It’s the first thing that geologist Todd Halihan asks on a sunny spring afternoon at Oklahoma State University in Stillwater: “Did you feel the earthquake? My mother-in-law just called to complain that the house was shaking.”

Halihan’s mother-in-law has been calling a lot lately. Fifteen quakes of magnitude 4 or greater struck in 2014 — packing more than a century’s worth of normal seismic activity for the state into a single year. Oklahoma had twice as many earthquakes last year as California — a seismic hotspot — and researchers are racing to understand why before the next major one strikes.

Whatever they learn will apply to seismic hazards worldwide. Oklahoma’s quakes have been linked to underground wells where oil and gas operations dispose of waste water, but mining, geothermal energy and other underground explorations have triggered earthquakes from South Africa to Switzerland. This week, at a meeting of the Seismological Society of America in Pasadena, California, scientists will discuss how the risk from human-induced quakes differs from that of natural quakes — and how society can prepare for it.

In Oklahoma, the earthquakes have unleashed a frenzy of finger-pointing, with angry residents suing oil and gas companies over damage to their homes.
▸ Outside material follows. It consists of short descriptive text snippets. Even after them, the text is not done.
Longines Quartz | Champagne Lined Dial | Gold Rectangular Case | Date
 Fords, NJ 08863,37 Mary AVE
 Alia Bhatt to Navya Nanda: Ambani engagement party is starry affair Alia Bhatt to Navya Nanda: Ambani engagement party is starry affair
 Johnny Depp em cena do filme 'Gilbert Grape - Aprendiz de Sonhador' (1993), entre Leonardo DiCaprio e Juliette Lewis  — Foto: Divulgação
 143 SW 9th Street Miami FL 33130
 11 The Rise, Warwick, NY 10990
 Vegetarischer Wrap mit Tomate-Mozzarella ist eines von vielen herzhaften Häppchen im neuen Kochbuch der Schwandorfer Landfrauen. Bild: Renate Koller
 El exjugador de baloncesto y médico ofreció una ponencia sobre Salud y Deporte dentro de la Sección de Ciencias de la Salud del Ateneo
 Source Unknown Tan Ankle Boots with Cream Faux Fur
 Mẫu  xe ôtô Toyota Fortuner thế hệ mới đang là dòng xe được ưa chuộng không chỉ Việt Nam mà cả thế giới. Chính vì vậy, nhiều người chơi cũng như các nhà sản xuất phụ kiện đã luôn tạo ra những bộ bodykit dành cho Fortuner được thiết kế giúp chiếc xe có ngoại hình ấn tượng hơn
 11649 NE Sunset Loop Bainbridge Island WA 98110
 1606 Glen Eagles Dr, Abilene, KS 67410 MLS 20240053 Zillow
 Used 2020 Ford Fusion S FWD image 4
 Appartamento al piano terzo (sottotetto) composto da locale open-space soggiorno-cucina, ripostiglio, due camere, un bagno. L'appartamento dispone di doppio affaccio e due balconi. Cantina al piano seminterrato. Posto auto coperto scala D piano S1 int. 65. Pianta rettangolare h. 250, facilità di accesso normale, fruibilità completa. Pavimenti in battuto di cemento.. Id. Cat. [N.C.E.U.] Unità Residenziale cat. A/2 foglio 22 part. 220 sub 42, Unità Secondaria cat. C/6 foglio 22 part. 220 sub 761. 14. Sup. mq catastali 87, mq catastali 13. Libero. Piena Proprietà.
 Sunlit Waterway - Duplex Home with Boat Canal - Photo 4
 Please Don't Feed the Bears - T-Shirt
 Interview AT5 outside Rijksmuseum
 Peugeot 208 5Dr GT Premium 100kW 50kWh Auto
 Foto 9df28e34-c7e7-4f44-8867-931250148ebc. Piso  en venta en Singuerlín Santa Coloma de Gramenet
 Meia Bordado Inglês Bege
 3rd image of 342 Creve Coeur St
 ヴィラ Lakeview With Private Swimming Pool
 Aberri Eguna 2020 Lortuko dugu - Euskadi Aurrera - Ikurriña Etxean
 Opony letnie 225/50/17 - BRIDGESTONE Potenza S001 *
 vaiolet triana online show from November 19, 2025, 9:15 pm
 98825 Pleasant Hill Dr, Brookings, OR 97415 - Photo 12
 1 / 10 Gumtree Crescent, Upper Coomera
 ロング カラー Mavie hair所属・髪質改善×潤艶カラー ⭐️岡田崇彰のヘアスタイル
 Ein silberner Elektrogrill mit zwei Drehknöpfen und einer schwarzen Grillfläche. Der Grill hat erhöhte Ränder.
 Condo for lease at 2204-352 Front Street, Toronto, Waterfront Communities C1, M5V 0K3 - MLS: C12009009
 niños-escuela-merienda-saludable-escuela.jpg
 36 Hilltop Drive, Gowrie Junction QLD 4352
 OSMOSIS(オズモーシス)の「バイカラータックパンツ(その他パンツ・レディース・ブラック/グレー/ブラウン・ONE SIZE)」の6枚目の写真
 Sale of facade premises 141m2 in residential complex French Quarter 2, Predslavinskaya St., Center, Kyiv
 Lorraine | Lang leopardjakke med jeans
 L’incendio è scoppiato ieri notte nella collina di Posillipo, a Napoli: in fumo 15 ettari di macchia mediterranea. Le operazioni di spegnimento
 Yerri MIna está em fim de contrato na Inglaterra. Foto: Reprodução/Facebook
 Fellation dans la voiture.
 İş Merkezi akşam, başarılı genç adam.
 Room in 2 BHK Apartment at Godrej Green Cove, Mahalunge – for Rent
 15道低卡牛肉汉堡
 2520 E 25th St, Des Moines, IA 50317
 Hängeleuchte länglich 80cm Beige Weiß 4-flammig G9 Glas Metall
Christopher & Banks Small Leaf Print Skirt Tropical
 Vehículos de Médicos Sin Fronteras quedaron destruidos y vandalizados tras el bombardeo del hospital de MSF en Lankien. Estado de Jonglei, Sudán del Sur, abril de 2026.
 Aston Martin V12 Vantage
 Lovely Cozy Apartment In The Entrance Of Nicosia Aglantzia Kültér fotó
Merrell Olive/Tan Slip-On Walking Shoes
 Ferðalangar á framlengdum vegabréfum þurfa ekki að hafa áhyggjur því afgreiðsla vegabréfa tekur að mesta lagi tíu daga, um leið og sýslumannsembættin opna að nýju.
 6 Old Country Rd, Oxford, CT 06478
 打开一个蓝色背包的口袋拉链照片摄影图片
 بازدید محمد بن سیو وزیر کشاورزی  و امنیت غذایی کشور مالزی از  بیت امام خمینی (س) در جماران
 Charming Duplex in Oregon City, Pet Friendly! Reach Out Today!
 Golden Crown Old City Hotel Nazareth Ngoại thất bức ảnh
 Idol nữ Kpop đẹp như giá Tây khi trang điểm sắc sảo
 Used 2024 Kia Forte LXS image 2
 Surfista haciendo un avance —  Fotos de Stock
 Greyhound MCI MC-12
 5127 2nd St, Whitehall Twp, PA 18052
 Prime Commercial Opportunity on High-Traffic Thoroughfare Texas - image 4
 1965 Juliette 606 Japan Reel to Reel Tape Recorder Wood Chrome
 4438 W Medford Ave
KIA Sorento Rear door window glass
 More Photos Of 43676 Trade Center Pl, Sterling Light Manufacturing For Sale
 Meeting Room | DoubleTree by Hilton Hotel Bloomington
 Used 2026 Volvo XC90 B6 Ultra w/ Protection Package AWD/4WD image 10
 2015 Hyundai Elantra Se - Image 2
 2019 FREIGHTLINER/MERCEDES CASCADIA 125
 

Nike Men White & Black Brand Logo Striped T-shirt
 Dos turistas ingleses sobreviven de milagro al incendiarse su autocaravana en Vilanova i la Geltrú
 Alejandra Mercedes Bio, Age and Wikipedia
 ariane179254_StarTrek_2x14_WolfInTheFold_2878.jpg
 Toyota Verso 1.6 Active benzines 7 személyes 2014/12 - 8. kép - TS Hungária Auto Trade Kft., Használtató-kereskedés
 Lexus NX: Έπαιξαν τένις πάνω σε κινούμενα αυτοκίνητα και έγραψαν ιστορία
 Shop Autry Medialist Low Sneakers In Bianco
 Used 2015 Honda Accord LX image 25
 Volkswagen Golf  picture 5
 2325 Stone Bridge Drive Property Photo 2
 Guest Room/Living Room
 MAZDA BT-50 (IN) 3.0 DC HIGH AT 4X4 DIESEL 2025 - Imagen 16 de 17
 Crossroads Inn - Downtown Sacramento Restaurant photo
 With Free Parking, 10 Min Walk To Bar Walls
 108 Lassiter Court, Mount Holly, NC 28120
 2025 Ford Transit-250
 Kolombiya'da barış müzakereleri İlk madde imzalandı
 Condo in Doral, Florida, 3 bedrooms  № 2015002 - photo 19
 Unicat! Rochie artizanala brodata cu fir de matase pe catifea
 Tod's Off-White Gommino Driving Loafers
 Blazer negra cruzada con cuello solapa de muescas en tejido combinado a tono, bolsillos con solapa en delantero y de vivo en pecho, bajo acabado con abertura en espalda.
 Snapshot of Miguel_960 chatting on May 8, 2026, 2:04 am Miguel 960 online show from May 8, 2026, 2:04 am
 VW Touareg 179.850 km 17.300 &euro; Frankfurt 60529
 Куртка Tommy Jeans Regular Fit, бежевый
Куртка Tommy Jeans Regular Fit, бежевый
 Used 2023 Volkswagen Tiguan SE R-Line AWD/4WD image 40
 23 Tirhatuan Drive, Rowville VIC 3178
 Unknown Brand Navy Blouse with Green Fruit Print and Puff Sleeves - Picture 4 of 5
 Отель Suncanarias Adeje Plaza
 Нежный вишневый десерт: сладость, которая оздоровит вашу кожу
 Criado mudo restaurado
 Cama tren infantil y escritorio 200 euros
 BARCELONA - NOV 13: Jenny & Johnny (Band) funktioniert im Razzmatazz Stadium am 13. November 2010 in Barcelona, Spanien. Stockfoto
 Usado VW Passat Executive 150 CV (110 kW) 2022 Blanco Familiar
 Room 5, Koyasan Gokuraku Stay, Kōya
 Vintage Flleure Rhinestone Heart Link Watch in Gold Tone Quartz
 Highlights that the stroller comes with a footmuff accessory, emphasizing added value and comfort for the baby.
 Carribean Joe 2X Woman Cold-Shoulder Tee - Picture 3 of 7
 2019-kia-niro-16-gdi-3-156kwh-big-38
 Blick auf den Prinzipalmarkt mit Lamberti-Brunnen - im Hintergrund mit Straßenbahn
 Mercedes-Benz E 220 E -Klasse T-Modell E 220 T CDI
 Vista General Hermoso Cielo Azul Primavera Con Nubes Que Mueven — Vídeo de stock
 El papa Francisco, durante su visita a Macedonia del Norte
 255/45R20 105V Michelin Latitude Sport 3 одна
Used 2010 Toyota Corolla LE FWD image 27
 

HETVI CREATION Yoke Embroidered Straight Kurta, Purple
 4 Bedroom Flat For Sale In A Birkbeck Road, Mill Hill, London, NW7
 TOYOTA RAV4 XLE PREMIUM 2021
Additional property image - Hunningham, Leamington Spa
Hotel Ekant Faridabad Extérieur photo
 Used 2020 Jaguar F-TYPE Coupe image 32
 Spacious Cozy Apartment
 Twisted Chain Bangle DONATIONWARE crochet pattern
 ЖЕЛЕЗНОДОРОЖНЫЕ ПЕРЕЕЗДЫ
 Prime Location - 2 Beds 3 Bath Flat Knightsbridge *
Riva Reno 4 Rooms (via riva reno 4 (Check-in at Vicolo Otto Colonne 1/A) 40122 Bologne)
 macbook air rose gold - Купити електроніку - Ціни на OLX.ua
The industry and politicians are locked in fierce debates about whether the quakes are induced, but the unprecedented shaking across central and northern parts of the state matches almost exactly with the activity of water-disposal wells. “There are some who will argue that it is purely natural,” says Halihan. “But by now it’s pretty clear it’s not.”

Companies drill into the ground to extract oil and gas mixed with salt water, essentially the brine from a long-fossilized sea. They separate out the fuels and then inject the salt water into deep disposal wells (there are more than 4,600 in Oklahoma). State regulations require that the salt water be disposed of in rock layers below those that hold drinking water (see ‘Shaky ground’).

Stress fracture

Much of the liquid ends up in a rock formation called the Arbuckle, which underlies much of Oklahoma and is known for its ability to absorb huge volumes of water. But in many places the Arbuckle rests on brittle, ancient basement rocks, which can fracture along major faults under stress. “The deeper you inject, the more likely it is that the injected brine is going to make its way into a seismogenic fault zone, prone to producing earthquakes,” says Arthur McGarr, who leads research on induced quakes at the US Geological Survey (USGS) in Menlo Park, California.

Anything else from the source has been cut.